**Given records:**
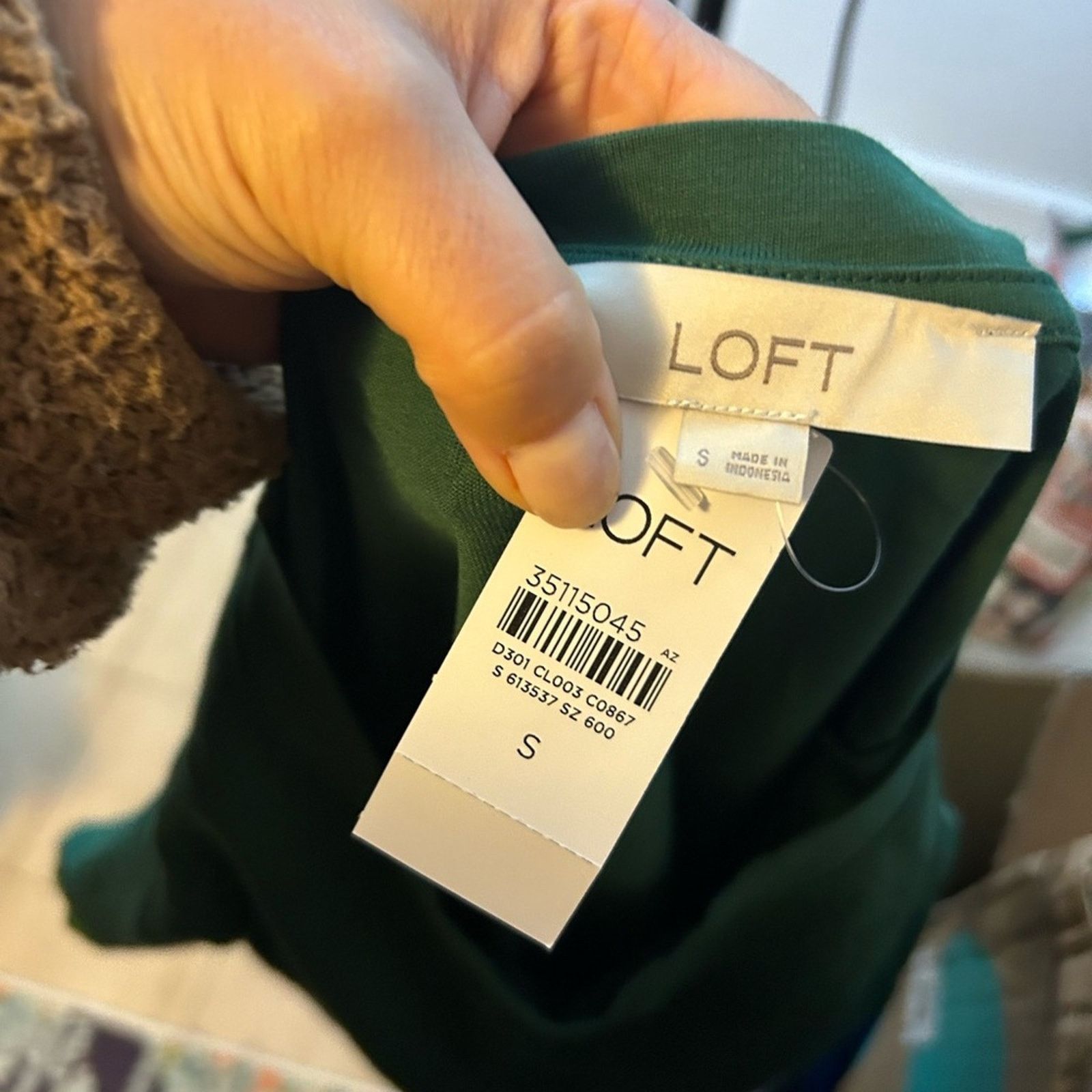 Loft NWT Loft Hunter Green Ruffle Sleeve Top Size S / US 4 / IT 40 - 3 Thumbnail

--

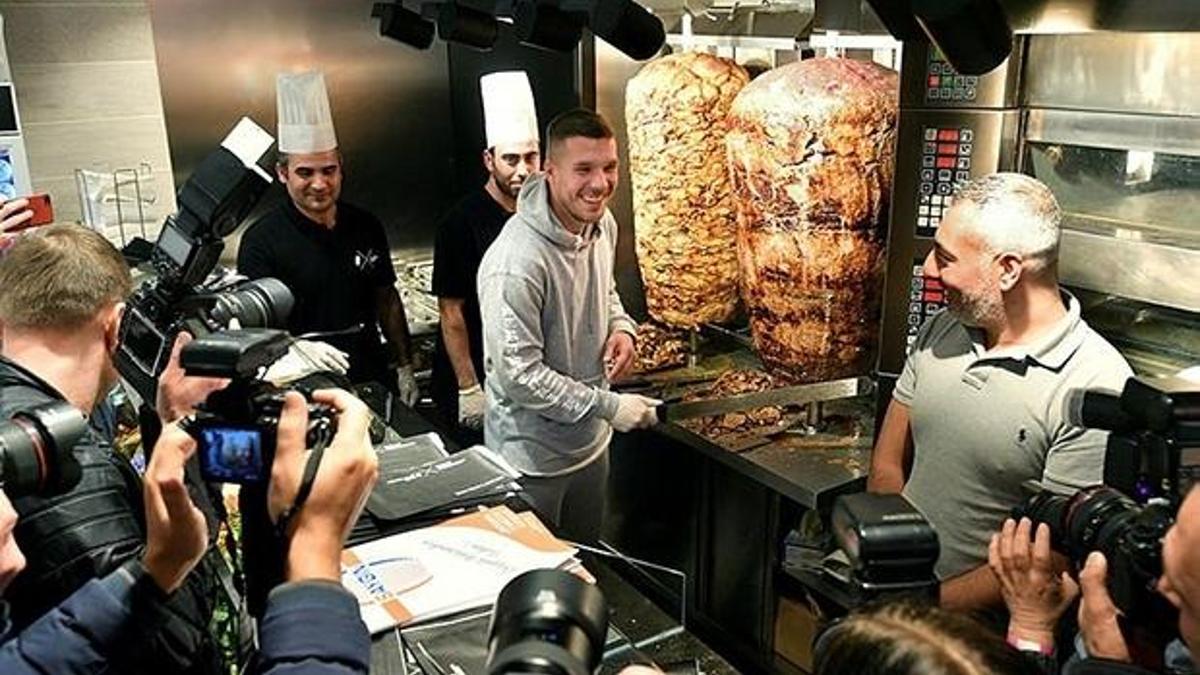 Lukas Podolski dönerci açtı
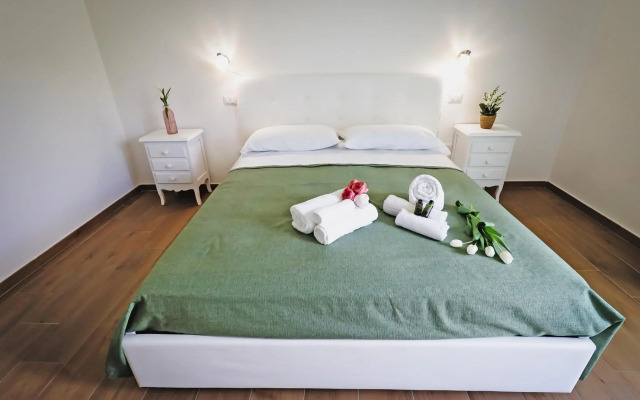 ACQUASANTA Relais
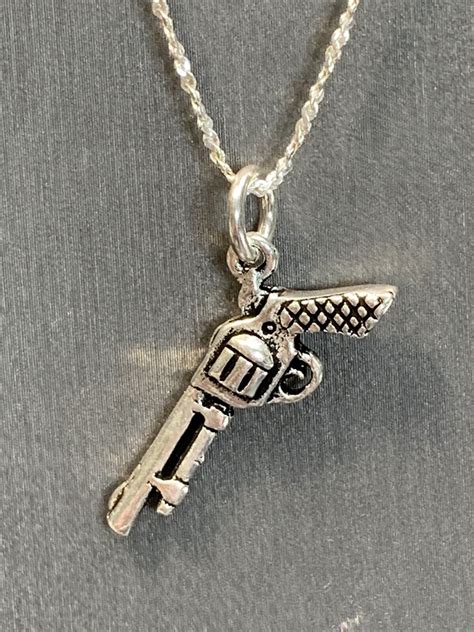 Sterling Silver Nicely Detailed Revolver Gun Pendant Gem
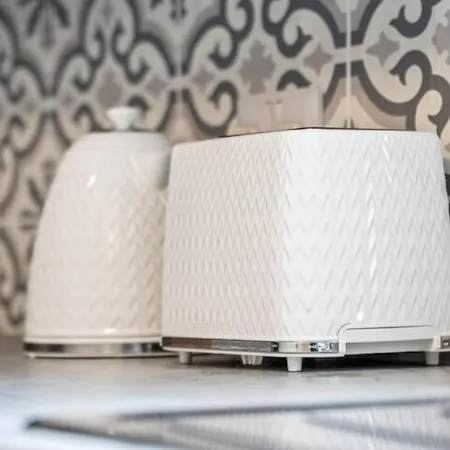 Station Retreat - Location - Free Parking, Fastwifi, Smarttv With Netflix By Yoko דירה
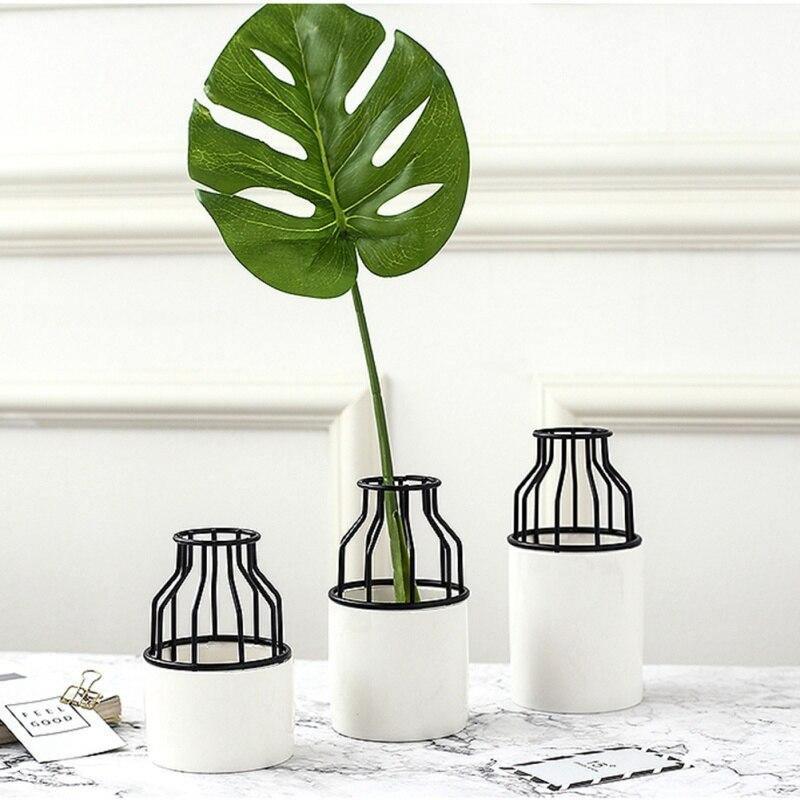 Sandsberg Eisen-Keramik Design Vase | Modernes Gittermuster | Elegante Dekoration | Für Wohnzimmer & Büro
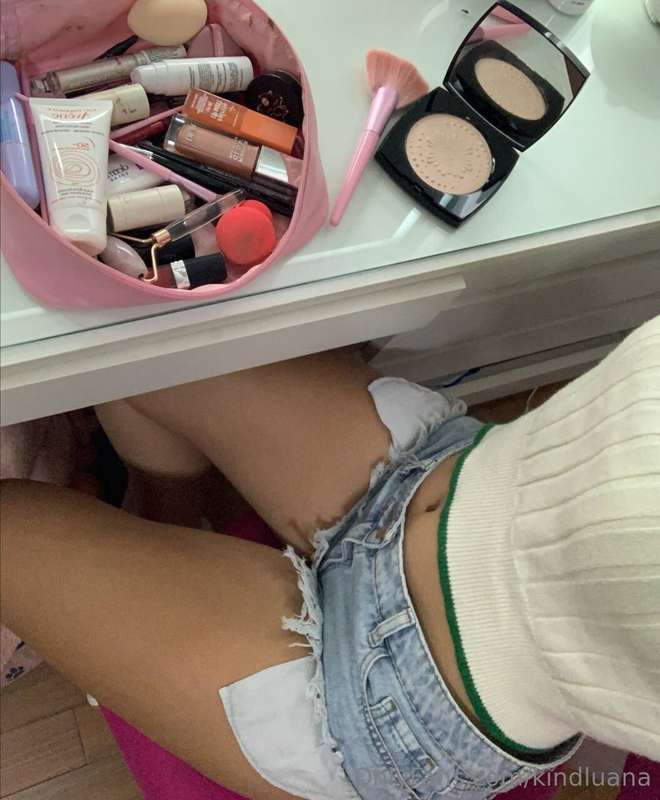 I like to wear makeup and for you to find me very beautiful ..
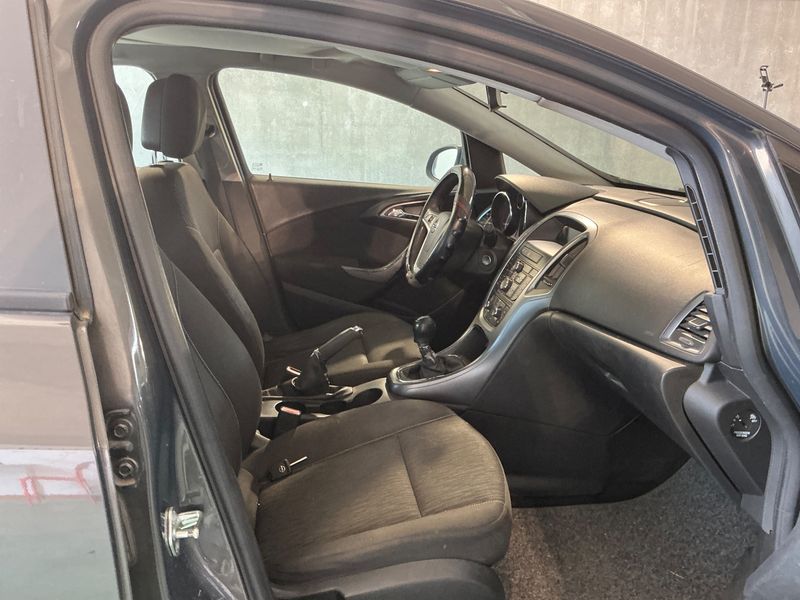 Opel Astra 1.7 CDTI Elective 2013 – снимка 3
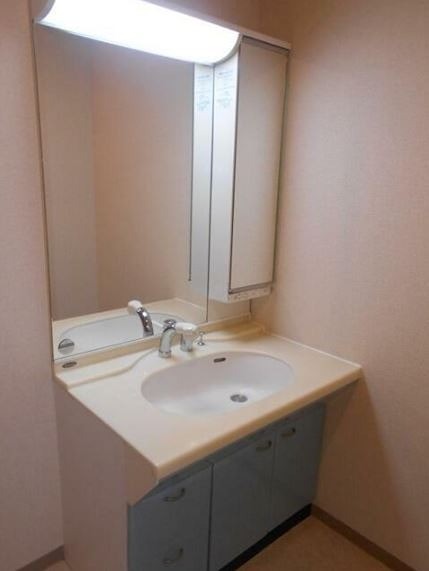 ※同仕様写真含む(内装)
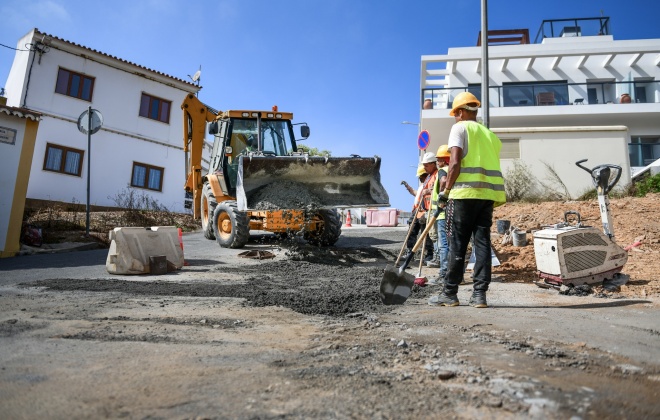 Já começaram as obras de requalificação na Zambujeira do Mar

**Task item:**
In the entries above, find the line that contains "Opel Astra 1.7 CDTI Elective 2013 – снимка 3" and the line that contains "Já começaram as". Reproduce exactly those two lines and every line between them, but not the pictures.

**Response to this task:**
 Opel Astra 1.7 CDTI Elective 2013 – снимка 3
 ※同仕様写真含む(内装)
 Já começaram as obras de requalificação na Zambujeira do Mar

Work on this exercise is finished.